Action item
Only the lines from the one containing "Weslie Long Sleeve" through the end of the entries should be returned, exactly as they are, with the pictures omitted.

Captioned web image data
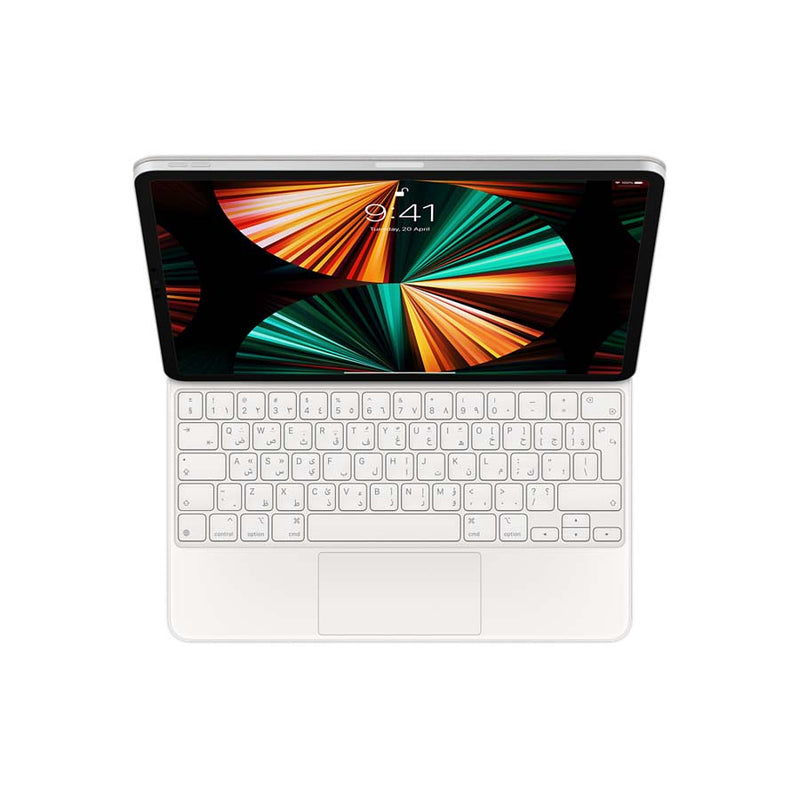 Apple Magic Keyboard for iPad Pro 12.9‑inch (5th generation) 2021 Arabic /English- White-smartzonekw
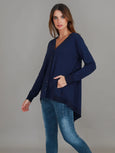 Weslie Long Sleeve Asymmetrical Cardigan- Navy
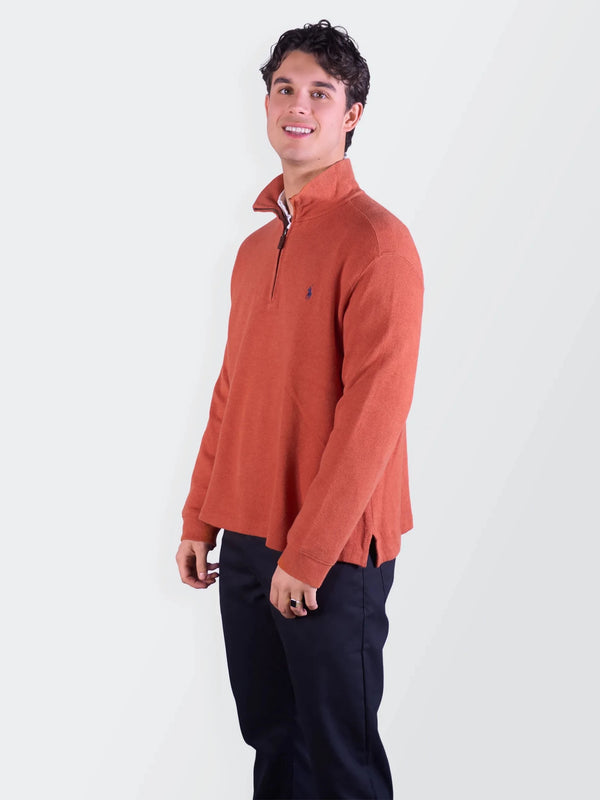 Ralph Lauren Orange Cotton Quarter - zip Sweater - M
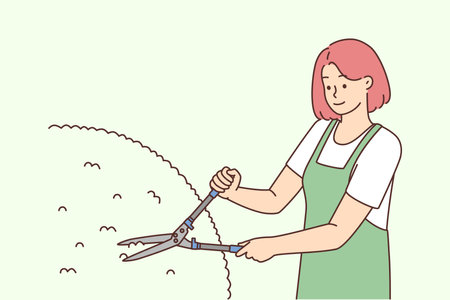 Female gardener cutting bushesのイラスト素材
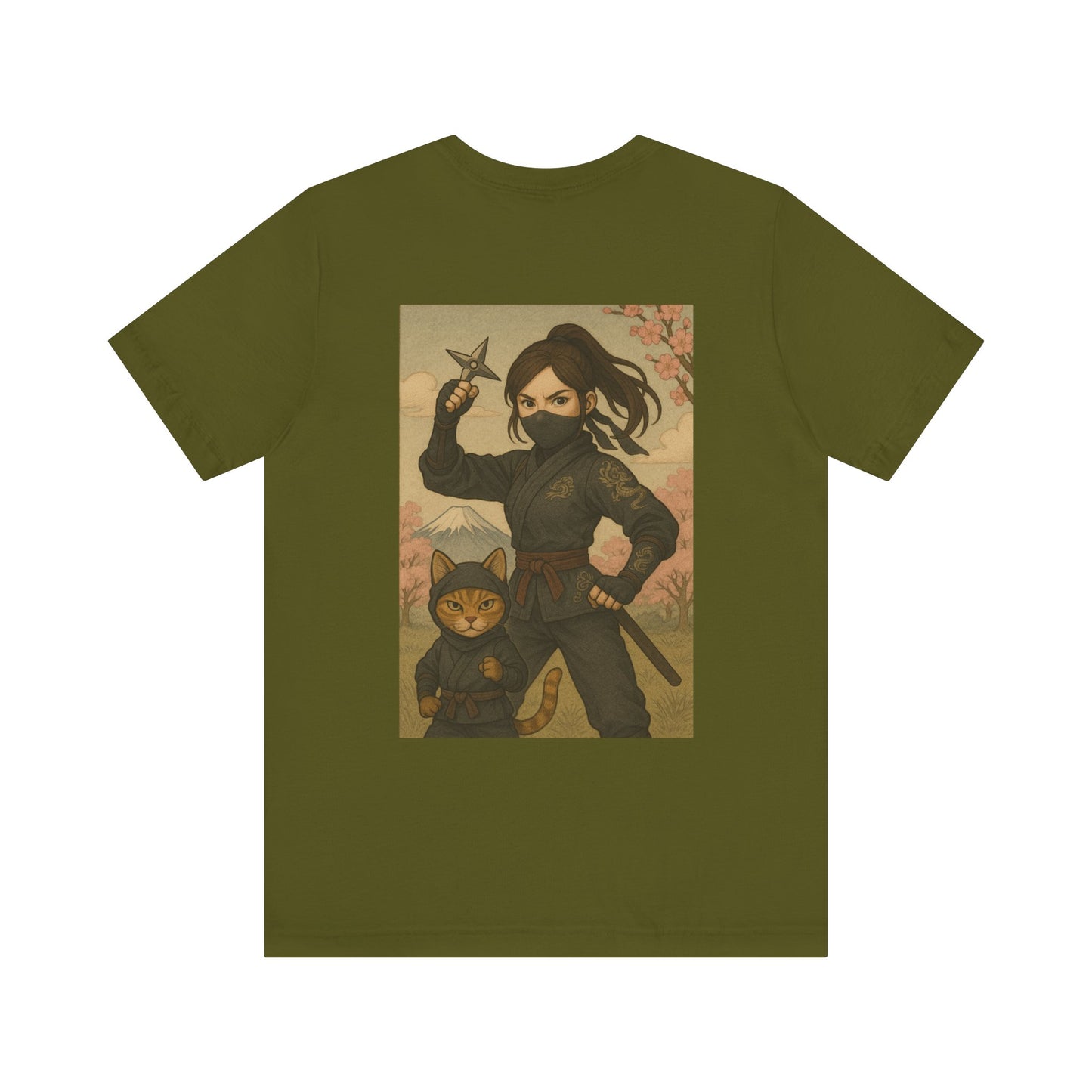 Ninja and Cat T-Shirt - Female Ninja in Black Outfit with Shuriken-Japanese Samurai Style, Mount Fuji, Cherry Blossoms-Cool Unisex Anime Tee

Your solution
 Weslie Long Sleeve Asymmetrical Cardigan- Navy
 Ralph Lauren Orange Cotton Quarter - zip Sweater - M
 Female gardener cutting bushesのイラスト素材
 Ninja and Cat T-Shirt - Female Ninja in Black Outfit with Shuriken-Japanese Samurai Style, Mount Fuji, Cherry Blossoms-Cool Unisex Anime Tee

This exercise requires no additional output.